• **EXERCISE GOAL**:
Pictures stay out; everything else from the first line of the entries down through the line with "Sudadera Los hombres" gets copied exactly.

----

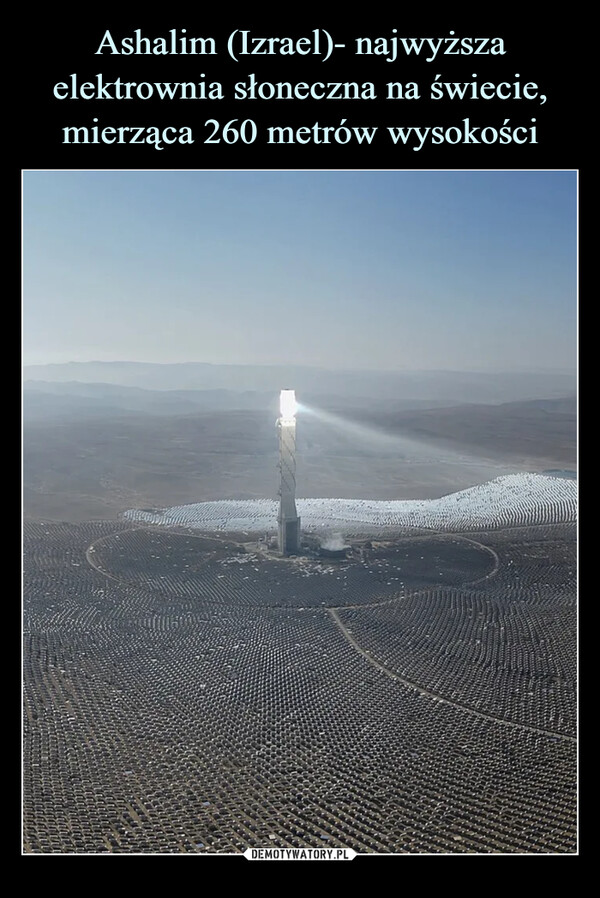 Ashalim (Izrael)- najwyższa elektrownia słoneczna na świecie, mierząca 260 metrów wysokości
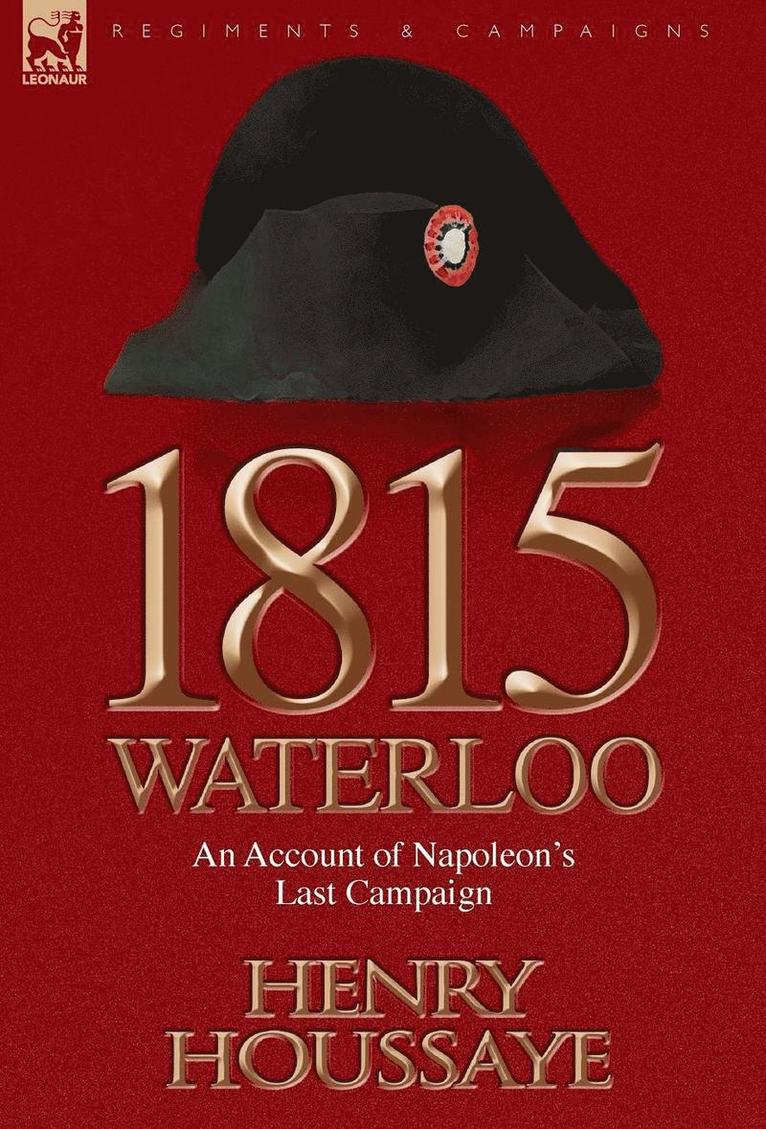 1815, Waterloo 1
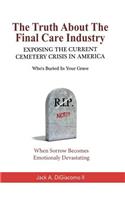 Truth About the Final Care Industry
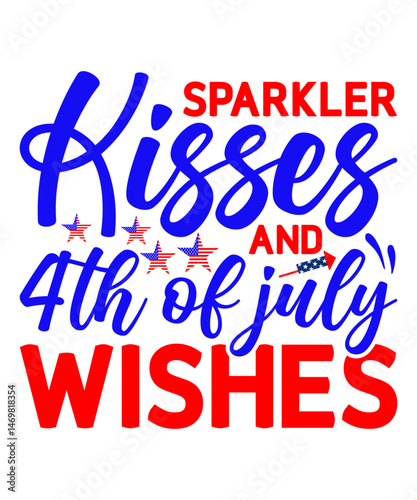 Sparkler kisses and 4th of july wishes
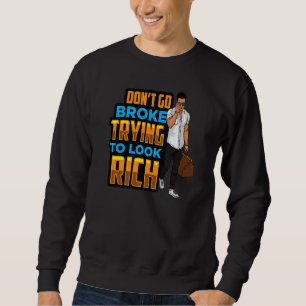 Sudadera Los hombres de papá negro no crecen Broke tratando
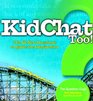 KidChat Too 212 AllNew Questions to Ignite the Imagination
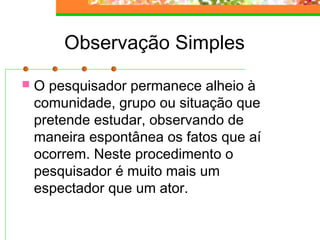 Observação Simples
 O pesquisador permanece alheio à
comunidade, grupo ou situação que
pretende estudar, observando de
maneira espontânea os fatos que aí
ocorrem. Neste procedimento o
pesquisador é muito mais um
espectador que um ator.
 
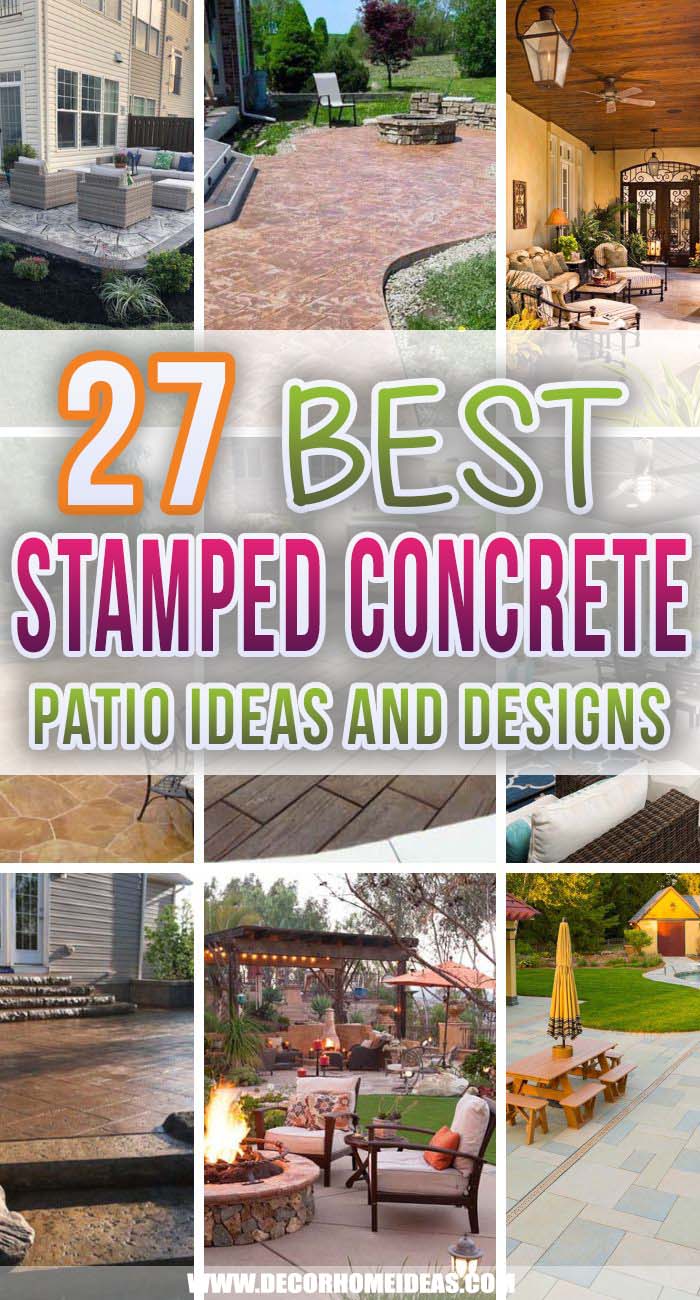 Best Stamped Concrete Patio Ideas. If you love the look of stone but aren’t exactly enticed by the cost or labor, these best stamped concrete patio ideas will choose the one that suits your landscaping. #decorhomeideas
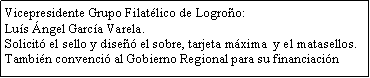 Cuadro de texto: Vicepresidente Grupo Filat�lico de Logro�o: Lu�s �ngel Garc�a Varela.Solicit� el sello y dise�� el sobre, tarjeta m�xima  y el matasellos.Tambi�n convenci� al Gobierno Regional para su financiaci�n 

----

• **WRITTEN RESPONSE**:
 Ashalim (Izrael)- najwyższa elektrownia słoneczna na świecie, mierząca 260 metrów wysokości
 1815, Waterloo 1
 Truth About the Final Care Industry
 Sparkler kisses and 4th of july wishes
 Sudadera Los hombres de papá negro no crecen Broke tratando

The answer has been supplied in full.